Stuart Broad

Hayter column: Knighthoods for batsmen, but not bowlers it would seem

The songs of praise from Sir Andrew Strauss and Sir Alastair Cook were full-throated and from the heart.

On the scale of Sir Stuart Broad’s magnificent achievement in joining Sir James Anderson in the list of Test bowlers who have taken 500 wickets, those two England batting greats and knights of the realm were unanimous.

Lauding the 34-year-old’s success in becoming the seventh bowler, and only the fourth paceman, to reach the half-thousand mark, Strauss said: “There have been so many bowlers whose star has shone for a year or two then either they have been worked out or their confidence has deserted them and they’ve been cast aside.”

Cook said: “People had been writing him off. A couple of years ago people were saying: “When’s he finishing? It must be a great feeling for him that he can lie in bed at night knowing that when it gets tough he delivers.”

And what, dear readers, is wrong with this description?

No prizes, just the joy of sharing the reminder that cricket is, always has been, and surely must stop being a batsman’s game.

Of the 14 England cricket personalities who have felt the sword on the shoulder nine have been batsmen, two all-rounders (Gubby Allen and Ian Botham) one a cricket writer, the wonderful Sir Neville Cardus, knighted for services to music and cricket journalism and one, Sir Frederick Toone, a highly-respected administrator who, like Cardus, never actually played first-class cricket at all.

Set aside England batsmen Francis Lacey, Pelham “Plum” Warner, Jack Hobbs. H.D Leveson-Gower, Len Hutton, Colin Cowdrey, Cook, Geoffrey Boycott and Strauss, their various majesties have seen fit to dub one out and out bowler, just one, the redoubtable Alec Bedser.

And while you may well have heard this before it is well worth repeating that on hearing that Don Bradman was to be so honoured, Bedser remarked that the last England bowler to be knighted was Francis Drake.

Whether sportsmen and women should be knighted at all is a moot point. Why should anyone be rewarded in this way for simply doing their job well?

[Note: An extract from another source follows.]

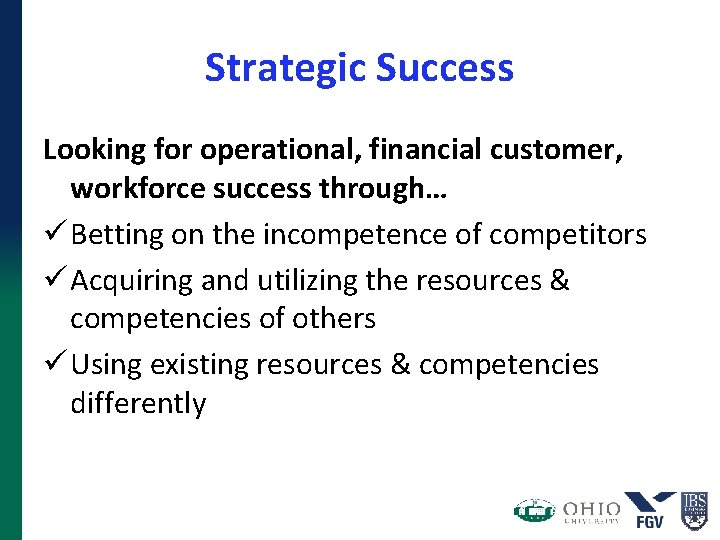 Strategic Success Looking for operational, financial customer, workforce success through… ü Betting on the Strategic Success Looking for operational, financial customer, workforce success through… ü Betting on the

It’s also true that cricketers have usually had to wait until the end of their career before such an accolade is conferred, some, like Bedser himself and Boycott, longer than others, for quite different reasons.

Furthermore, your best chance of picking one up is to be the captain of an Ashes-winning side, preferably two and if you pull it off Down Under all bets are off.

As recent history shows us, bowlers need not apply for that job.

But if sportspeople in general and cricketers in particular are to be so honoured, why delay a moment longer a double award for England’s most successful Test bowlers of all time?

There is no doubt that Strauss and Cook earned their knighhoods, for their runs, their leadership and for having to cope with years of you-know-who.

But 500 Test wickets for a bowler, and a pace bowler at that, is something else entirely, an achievement so stratospheric not just because of the level of skill it reflects, but also the sheer bloody hard work and physical, emotional and professional commitment required to get to the top, to stay there and to keep one step ahead of the opposition, the competition and the clock.

There was a case for inviting Anderson to bend the knee five years ago when, in April 2015, his dismissal of Dinesh Ramdin in the first Test against West Indies in Antigua took him past Botham’s 383 to become the highest England Test wicket-taker.

There was an even stronger case a month later when he sent back to the Lord’s pavilion New Zealand’s Martin Guptill, his 400th Test scalp.

Surely the 500th could not go similarly unsung, but he reached the magic number by getting out Kraigg Brathwaite (and what a fabulous coincidence he should also be Broad’s 500th) the best part of three years ago, in September 2017, and still no sound or sight of a royal blade, which makes one wonder just how many more wickets he will need to add to his current total of 589 to be considered worthy of it.

That’s not to say no honours have come his way, of course.

Anderson’s first major non-cricketing plaudit (and arguably his proudest to date) came in December 2011, when the ‘Burnley Express’ was awarded the Freedom of the Borough of Burnley and, in fairness, moving past Lord Beefy’s record did earn him an OBE in the Queen’s Birthday Honours.

And such was the outpouring of national relief in the summer of 2005 when England finally beat Australia for the first time in a million years, he might even have picked up an MBE had Michael Vaughan preferred him to Paul Collingwood to replace the crocked Simon Jones in the final Test at The Oval.

As the Durham man’s contribution to the greatest Ashes series ever played was 17 runs in two innings and one bowling spell of 0 for 17 from four overs, you could see why, the next time they played against each other, on the 2006/07 tour down under, Shane Warne found it impossible to resist asking: “MBE, mate? What’s that stand for? Must Be Embarrassing? ”

Some might say those words ring a bell now, too.

So, with all due respect, ma’am, prove cricket doesn’t have to be a batsman’s game and give knighthoods to James Anderson and Stuart Broad, please.

It’s time to correct the picture. It’s time to bang the gong.